Records drawn from a dataset:
━━━━━━━━━━━━━━━━

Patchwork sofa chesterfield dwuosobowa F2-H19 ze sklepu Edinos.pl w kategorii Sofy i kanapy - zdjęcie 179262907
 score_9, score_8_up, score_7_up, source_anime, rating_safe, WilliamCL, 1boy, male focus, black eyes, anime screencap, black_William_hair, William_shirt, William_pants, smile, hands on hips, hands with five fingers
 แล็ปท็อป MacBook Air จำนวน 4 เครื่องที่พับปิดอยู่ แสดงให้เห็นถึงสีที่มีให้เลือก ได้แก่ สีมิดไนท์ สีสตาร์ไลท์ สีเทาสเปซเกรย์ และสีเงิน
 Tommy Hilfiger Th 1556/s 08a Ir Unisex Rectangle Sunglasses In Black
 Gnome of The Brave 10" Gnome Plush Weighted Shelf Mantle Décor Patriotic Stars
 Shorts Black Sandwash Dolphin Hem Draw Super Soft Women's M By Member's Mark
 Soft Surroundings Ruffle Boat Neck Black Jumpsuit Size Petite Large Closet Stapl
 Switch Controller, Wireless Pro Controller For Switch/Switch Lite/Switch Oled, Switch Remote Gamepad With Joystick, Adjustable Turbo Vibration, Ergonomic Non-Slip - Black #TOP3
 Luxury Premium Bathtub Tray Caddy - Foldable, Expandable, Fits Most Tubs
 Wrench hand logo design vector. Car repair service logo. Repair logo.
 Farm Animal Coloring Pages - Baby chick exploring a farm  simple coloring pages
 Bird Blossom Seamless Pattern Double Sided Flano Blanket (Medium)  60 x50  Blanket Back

━━━━━━━━━━━━━━━━

Prompt: Which lines run from the one containing "with five fingers" to the end of the entries above? Quote exactly those, and only those.

Finished task:
 score_9, score_8_up, score_7_up, source_anime, rating_safe, WilliamCL, 1boy, male focus, black eyes, anime screencap, black_William_hair, William_shirt, William_pants, smile, hands on hips, hands with five fingers
 แล็ปท็อป MacBook Air จำนวน 4 เครื่องที่พับปิดอยู่ แสดงให้เห็นถึงสีที่มีให้เลือก ได้แก่ สีมิดไนท์ สีสตาร์ไลท์ สีเทาสเปซเกรย์ และสีเงิน
 Tommy Hilfiger Th 1556/s 08a Ir Unisex Rectangle Sunglasses In Black
 Gnome of The Brave 10" Gnome Plush Weighted Shelf Mantle Décor Patriotic Stars
 Shorts Black Sandwash Dolphin Hem Draw Super Soft Women's M By Member's Mark
 Soft Surroundings Ruffle Boat Neck Black Jumpsuit Size Petite Large Closet Stapl
 Switch Controller, Wireless Pro Controller For Switch/Switch Lite/Switch Oled, Switch Remote Gamepad With Joystick, Adjustable Turbo Vibration, Ergonomic Non-Slip - Black #TOP3
 Luxury Premium Bathtub Tray Caddy - Foldable, Expandable, Fits Most Tubs
 Wrench hand logo design vector. Car repair service logo. Repair logo.
 Farm Animal Coloring Pages - Baby chick exploring a farm  simple coloring pages
 Bird Blossom Seamless Pattern Double Sided Flano Blanket (Medium)  60 x50  Blanket Back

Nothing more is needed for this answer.